:: What you are asked to do ::
Skip pictures in the listing below; copy exactly the lines from the one with "Pelatih Semen Padang" through the one with "Used 2020 Jeep", inclusive.

:: Records for processing ::
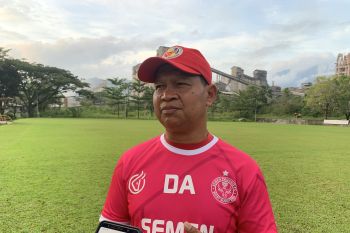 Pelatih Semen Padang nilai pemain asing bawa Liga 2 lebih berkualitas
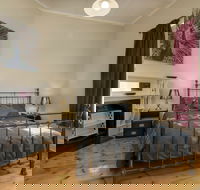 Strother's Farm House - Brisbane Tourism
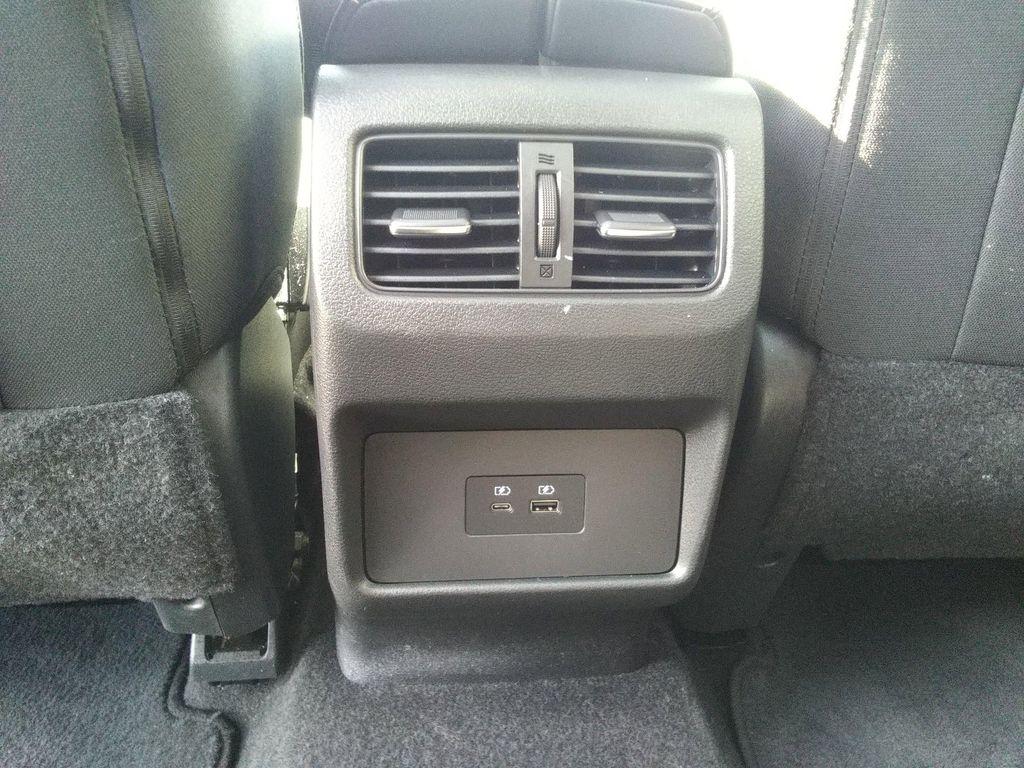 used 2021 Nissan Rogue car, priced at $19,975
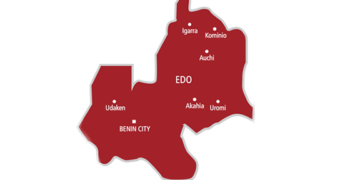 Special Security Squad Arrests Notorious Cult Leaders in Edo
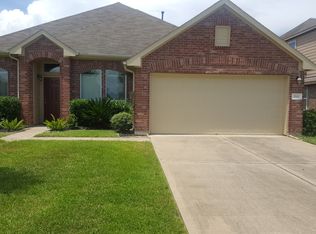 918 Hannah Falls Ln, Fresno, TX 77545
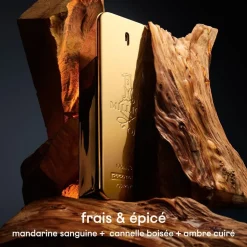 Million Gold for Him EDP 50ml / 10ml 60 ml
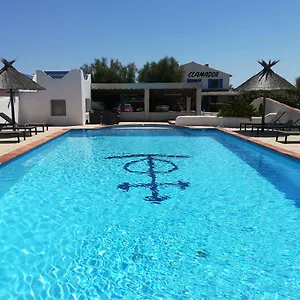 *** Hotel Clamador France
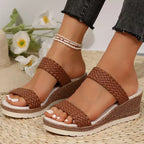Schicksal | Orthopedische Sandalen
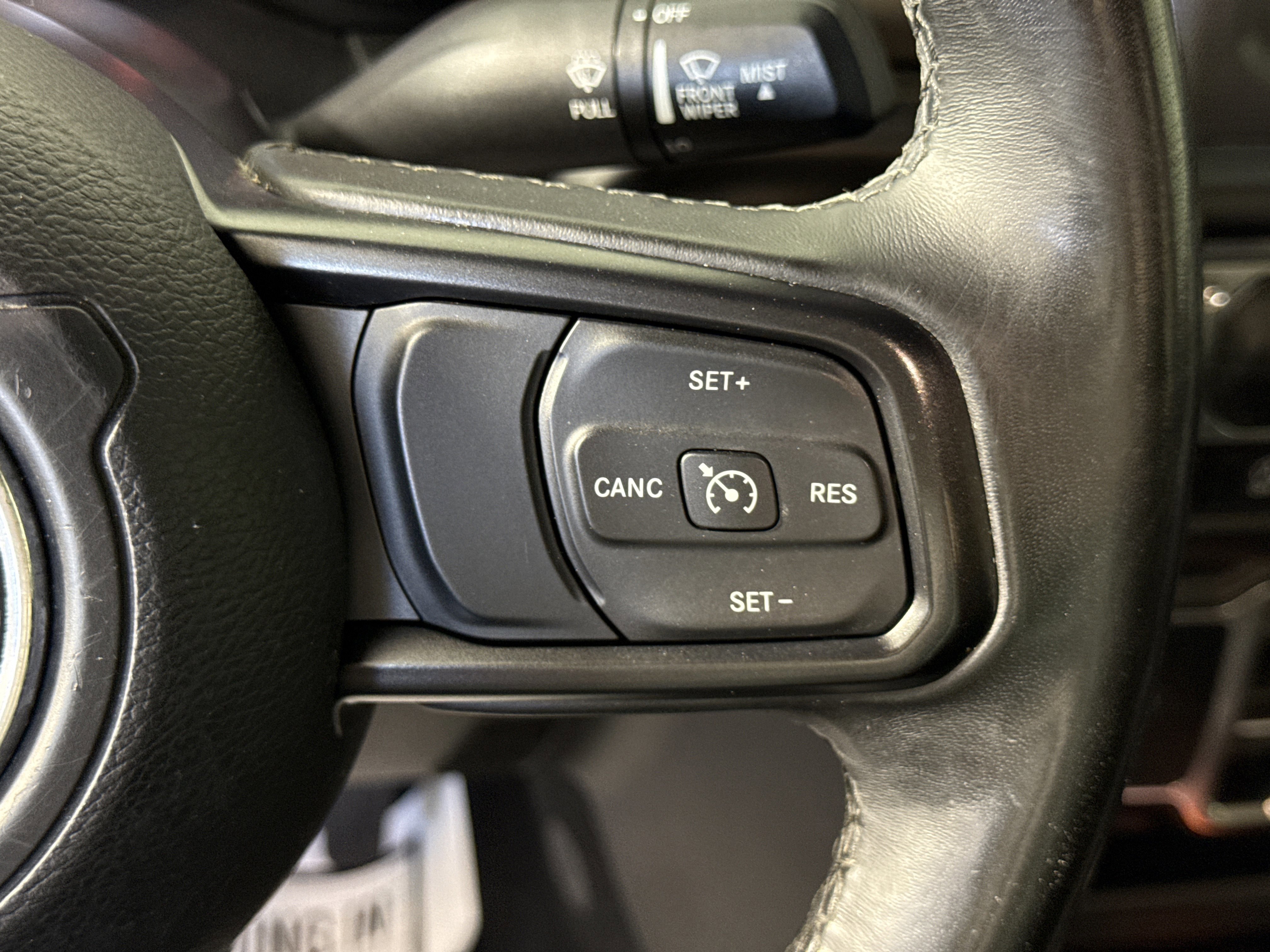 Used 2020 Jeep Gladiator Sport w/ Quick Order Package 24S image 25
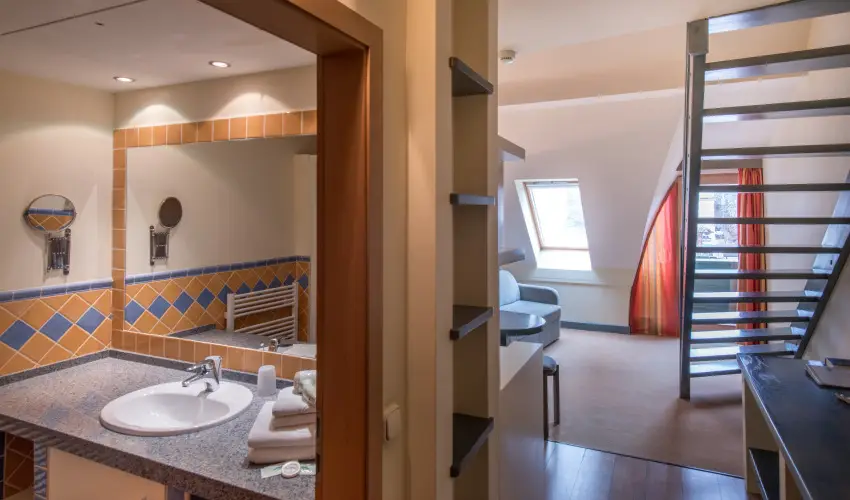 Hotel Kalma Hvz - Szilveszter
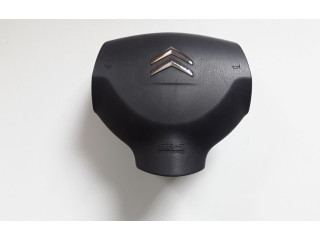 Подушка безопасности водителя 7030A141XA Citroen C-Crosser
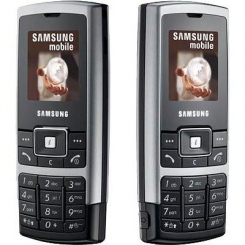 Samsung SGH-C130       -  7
---
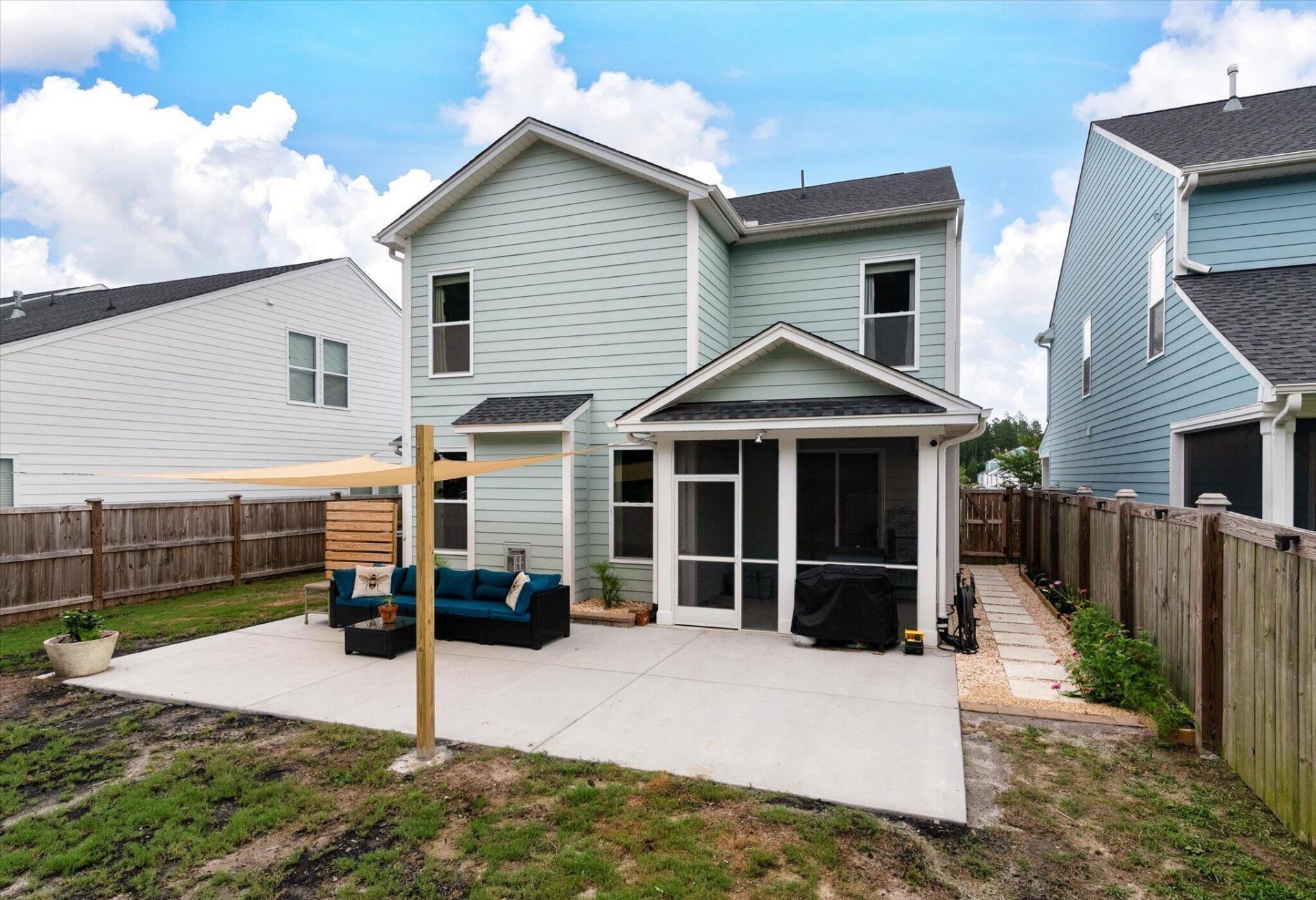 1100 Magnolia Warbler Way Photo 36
---
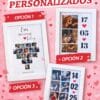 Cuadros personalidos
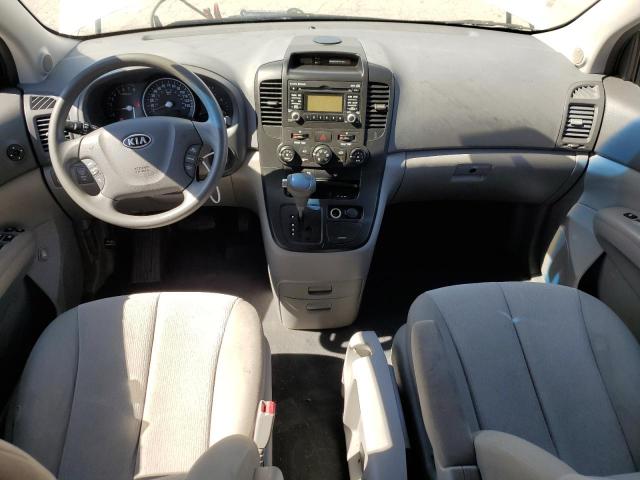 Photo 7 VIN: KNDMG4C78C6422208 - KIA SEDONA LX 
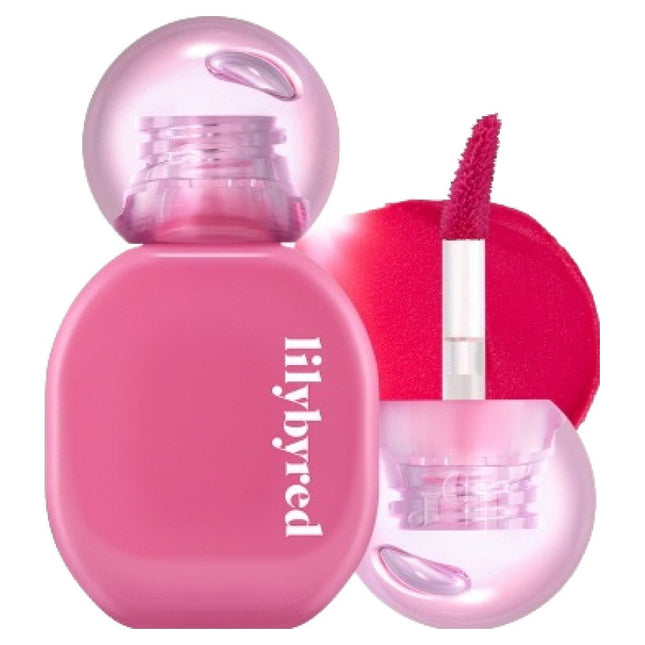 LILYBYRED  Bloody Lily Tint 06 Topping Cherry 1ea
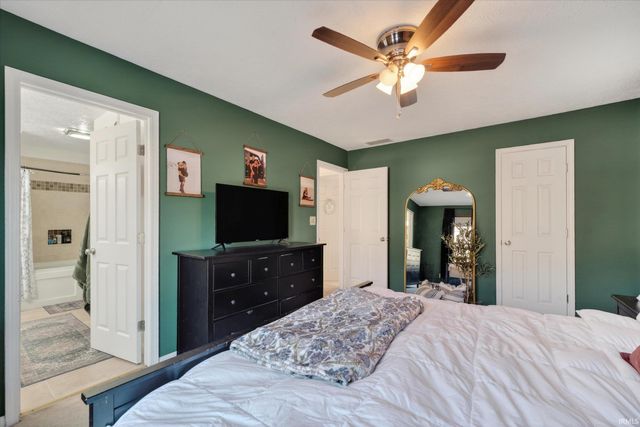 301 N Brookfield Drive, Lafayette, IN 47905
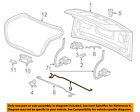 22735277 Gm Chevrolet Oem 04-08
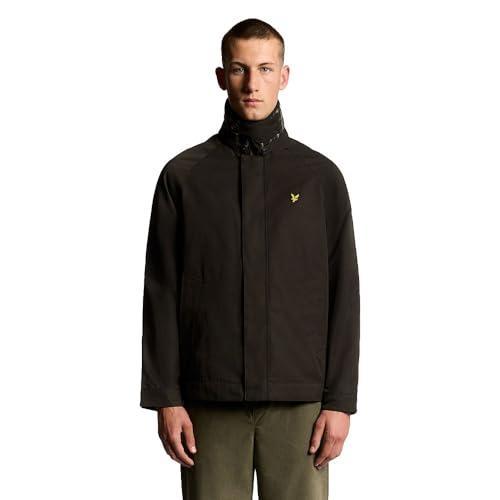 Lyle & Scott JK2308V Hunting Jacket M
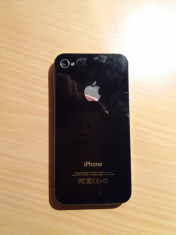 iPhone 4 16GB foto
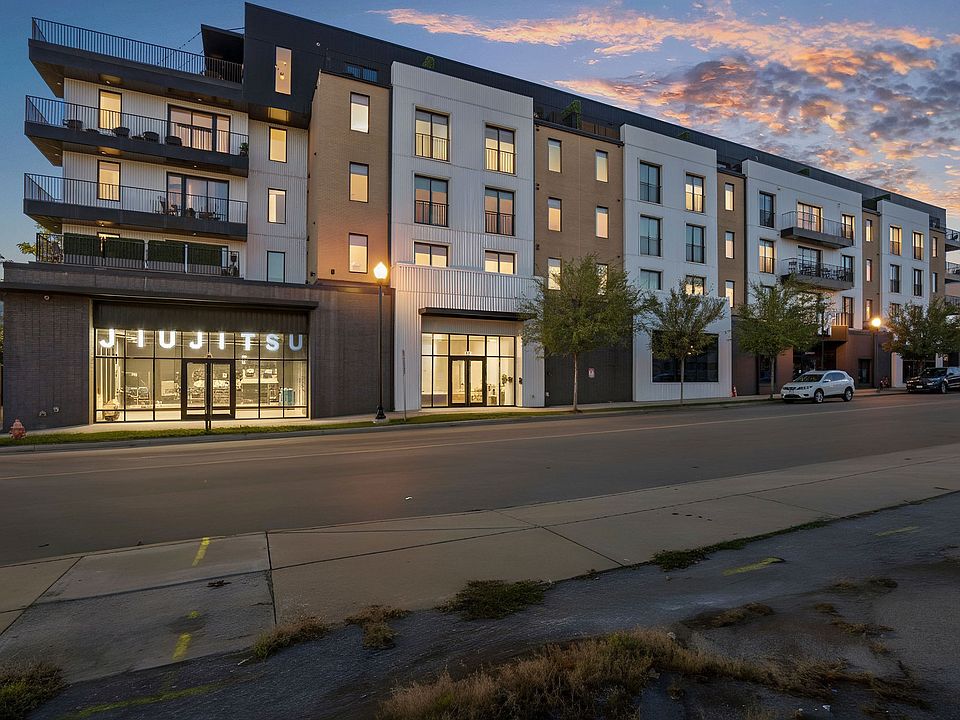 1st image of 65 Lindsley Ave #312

:: Your solution ::
 Pelatih Semen Padang nilai pemain asing bawa Liga 2 lebih berkualitas
 Strother's Farm House - Brisbane Tourism
 used 2021 Nissan Rogue car, priced at $19,975
 Special Security Squad Arrests Notorious Cult Leaders in Edo
 918 Hannah Falls Ln, Fresno, TX 77545
 Million Gold for Him EDP 50ml / 10ml 60 ml
 *** Hotel Clamador France
Schicksal | Orthopedische Sandalen
 Used 2020 Jeep Gladiator Sport w/ Quick Order Package 24S image 25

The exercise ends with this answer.